Give the data back exactly. Leave out any images.

* **Collected data**:
******************************

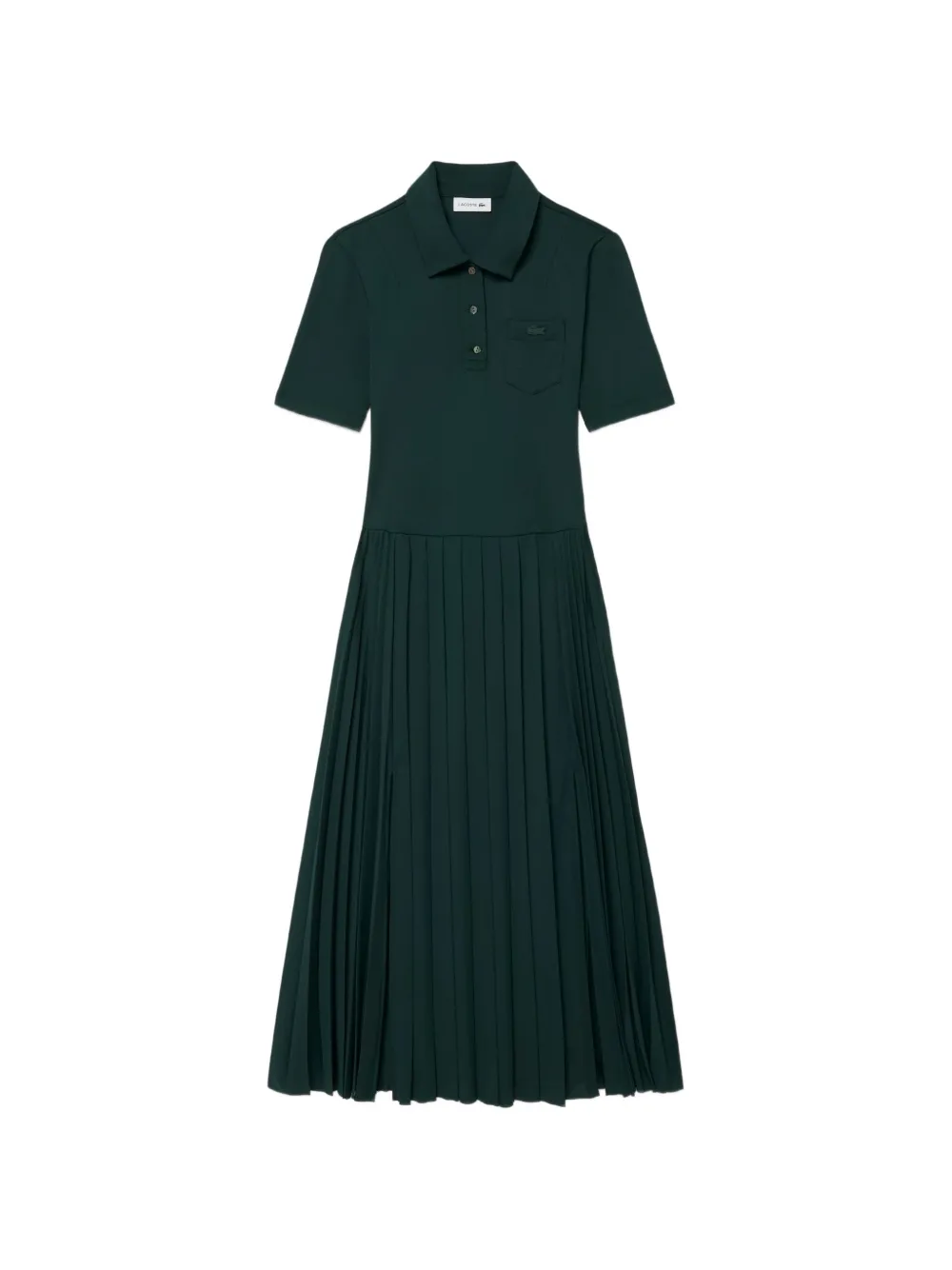 Lacoste logo-patch pleated maxi polo dress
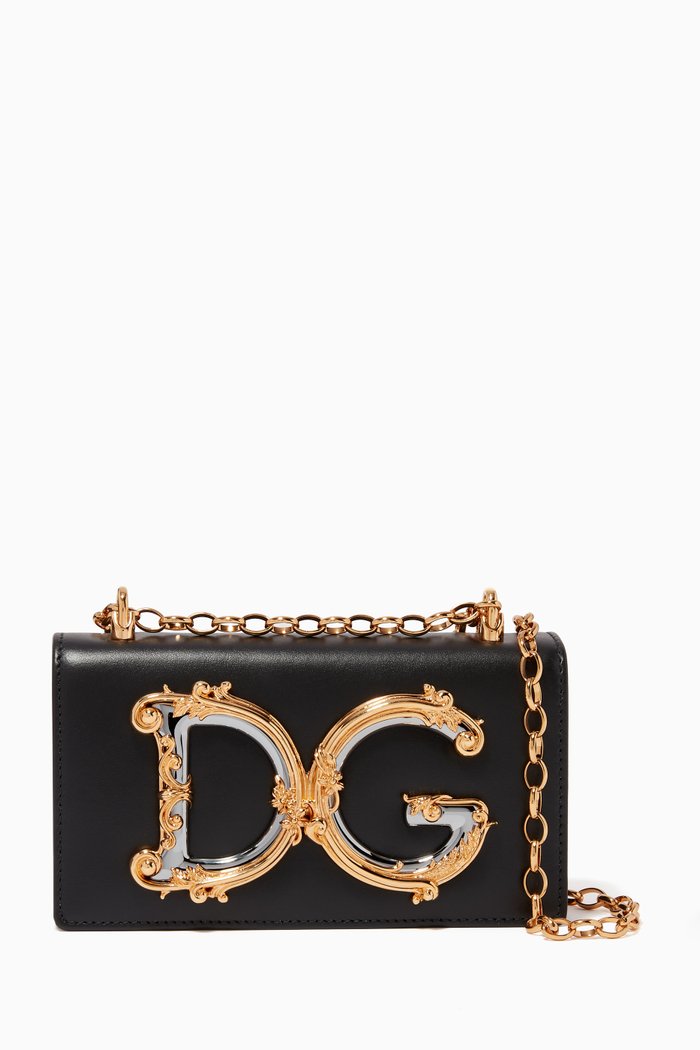 

DG Girls Calfskin Phone Bag, Black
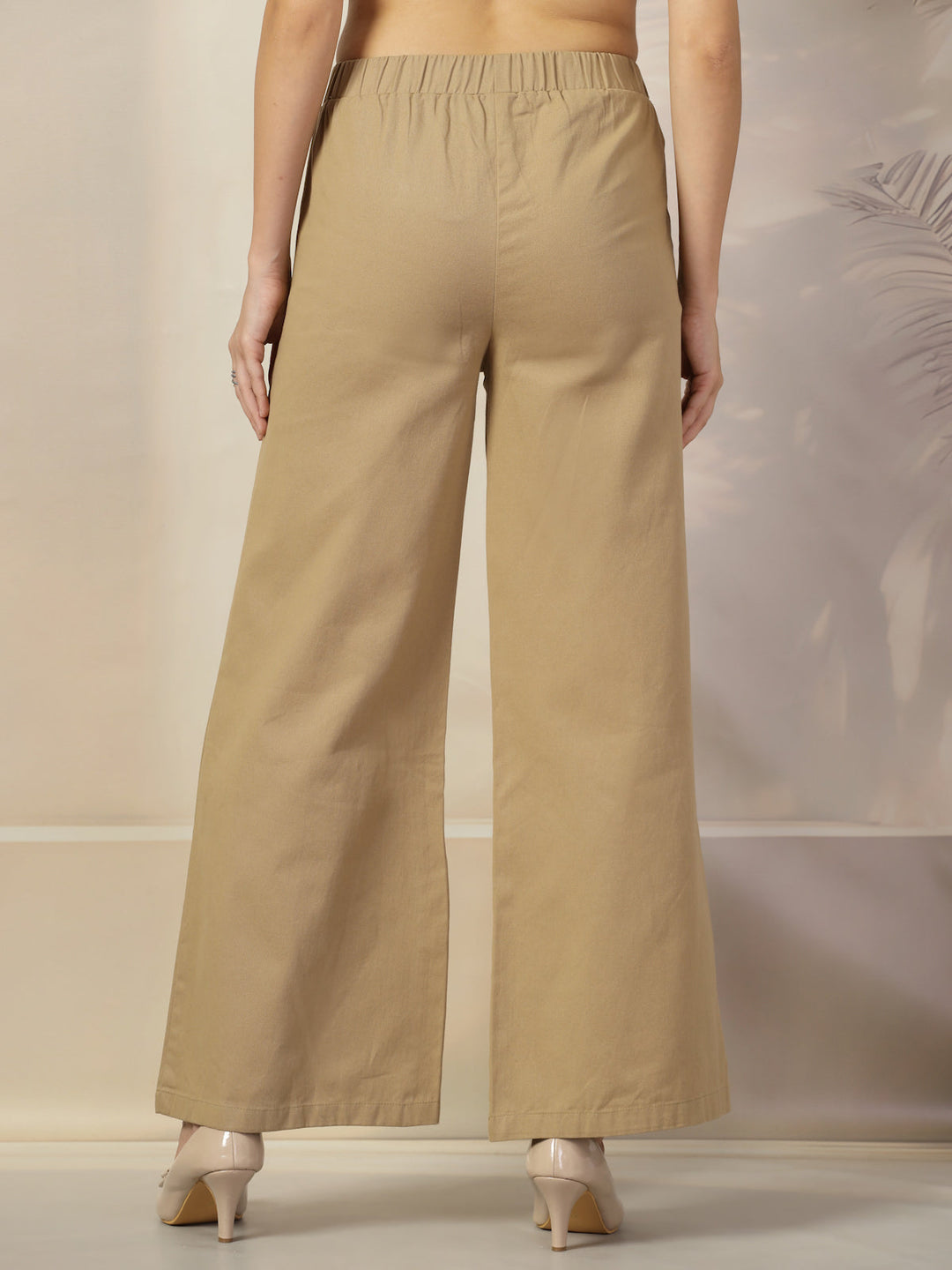 Women Regular Fit Mid-Rise Parallel Cotton Trousers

******************************

* **Completed exercise**:
 Lacoste logo-patch pleated maxi polo dress

DG Girls Calfskin Phone Bag, Black
 Women Regular Fit Mid-Rise Parallel Cotton Trousers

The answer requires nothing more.